The second step is to listen for events by connecting a handler to the onmessage event or using the addEventListener method.

// Register a handler in the window where you want to listen to events
bc.onmessage = (event) => {
console.log(event);
};
// Alternatively, you can add an event listener by calling the addEventListener method
bc.addEventListener("message", (event) => {
console.log(event);
});

To broadcast a message to the channel, call the postMessage method. This method takes any kind of Object as a parameter.

// Broadcast an event to all listeners by calling the postMessage method
bc.postMessage("This is a test message.");

What this looks like in Cloudpress

In the scenario described previously, where I use this when connecting external accounts via the OAuth 2.0 Authorization Code flow, this looks as follows:

First, in the Cloudpress frontend (a React application), I create a BroadcastChannel instance and hook up the onmessage event which uses the Fetch API to refresh the list of accounts. I also make sure to clean up after myself by calling the close() method to terminate the connection to the underlying channel.

// In the Cloudpress frontend (a React application)
useEffect(() => {
const bc = new BroadcastChannel('add-oauth-connection-channel');
bc.onmessage = (event) => {
// Do a fetch request to update the list of available accounts
};
return () => {
bc.close();
};
});

In the Cloudpress backend, an ASP.NET Core application which handles the OAuth 2.0 Authorization Code flow, once the flow is complete, I render the following HTML response.

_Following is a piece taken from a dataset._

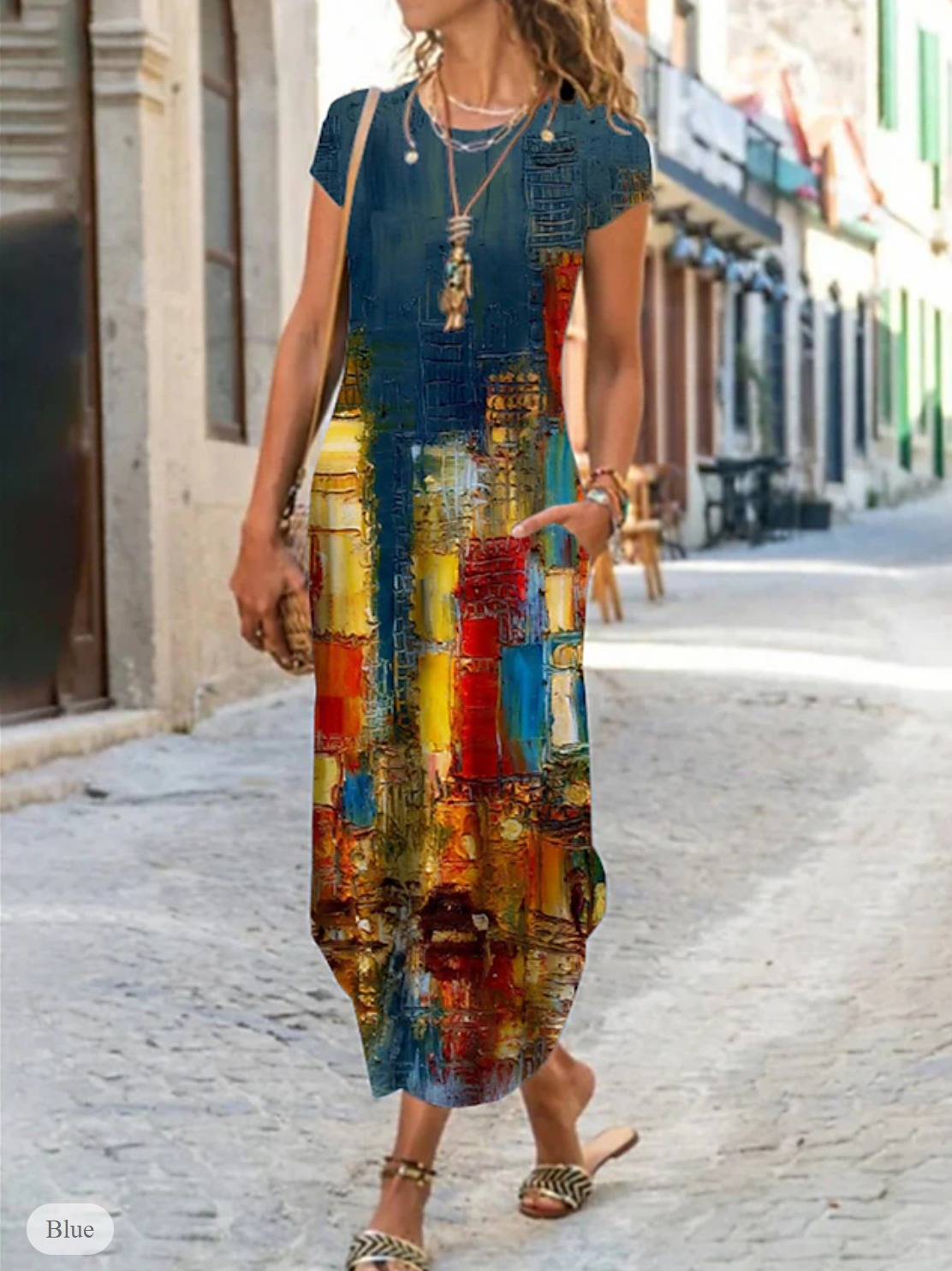 LP | Short-sleeved dress with print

<!-- In the Cloudpress backend (an ASP.NET Core application) -->
<script>
const bc = new BroadcastChannel('add-oauth-connection-channel');
bc.postMessage("[The message to send to the frontend]");
window.close();
</script>

This will create a Broadcast channel with the same name as the Cloudpress frontend and broadcasts a message to the frontend. After broadcasting the message, I close the popup by calling the Window.close() method.

What about using window.postMessage?

Another option to do this could be to use the postMessage() method of the Window object. This is what I did for the longest time in Cloudpress, but I suddenly started receiving support requests from users that they were unable to connect their accounts.

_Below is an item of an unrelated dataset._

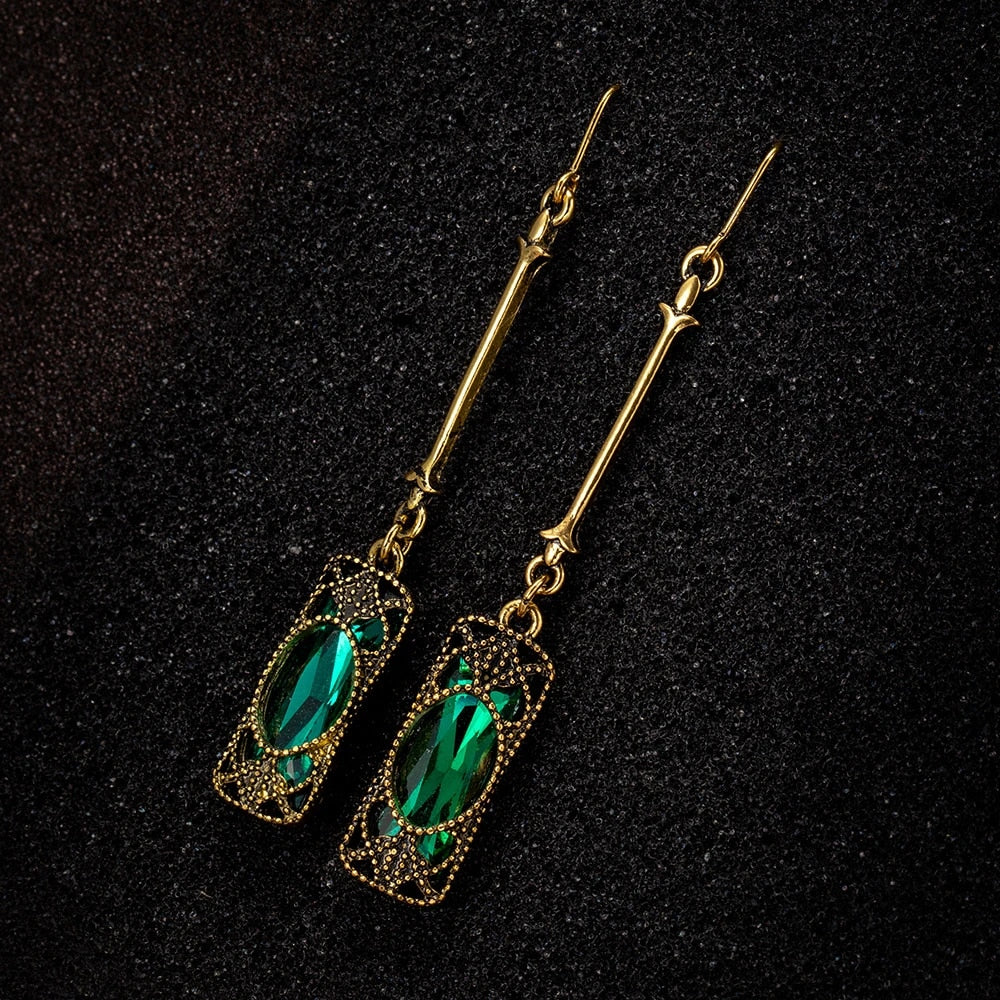 Boucles d'oreilles pendantes Green Lantern en or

Looking into this it seemed that, due to browser security settings, this approach stopped working for many users. So, I had to find a different approach and came across the Broadcast Channel API.

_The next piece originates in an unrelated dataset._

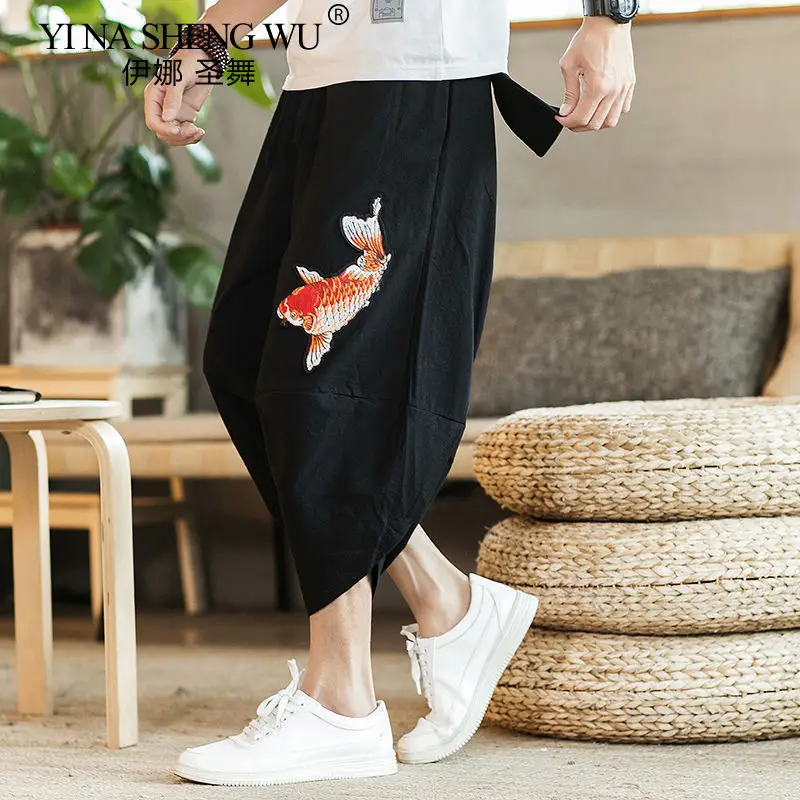 Men's Loose-fit Linen Short Traditional Chinese Style Embroidered Fish Beach Trouser Trendy Wide-leg Harlan Bloomer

The Broadcast Channel API has worked reliably for me and is arguably a more modern and correct approach. It has been widely available across browsers since March 2022.

If you currently use the Window.postMessage() event, I suggest you look into replacing it with the Broadcast Channel API.

Conclusion

In this blog post, I described how I use the Broadcast Channel API to communicate a response back from a browser popup window to the window which opened it.

This is one use specific use case, but you can use the Broadcast Channel API in a number of different scenarios where you want to communicate between different browser windows or tabs of your application.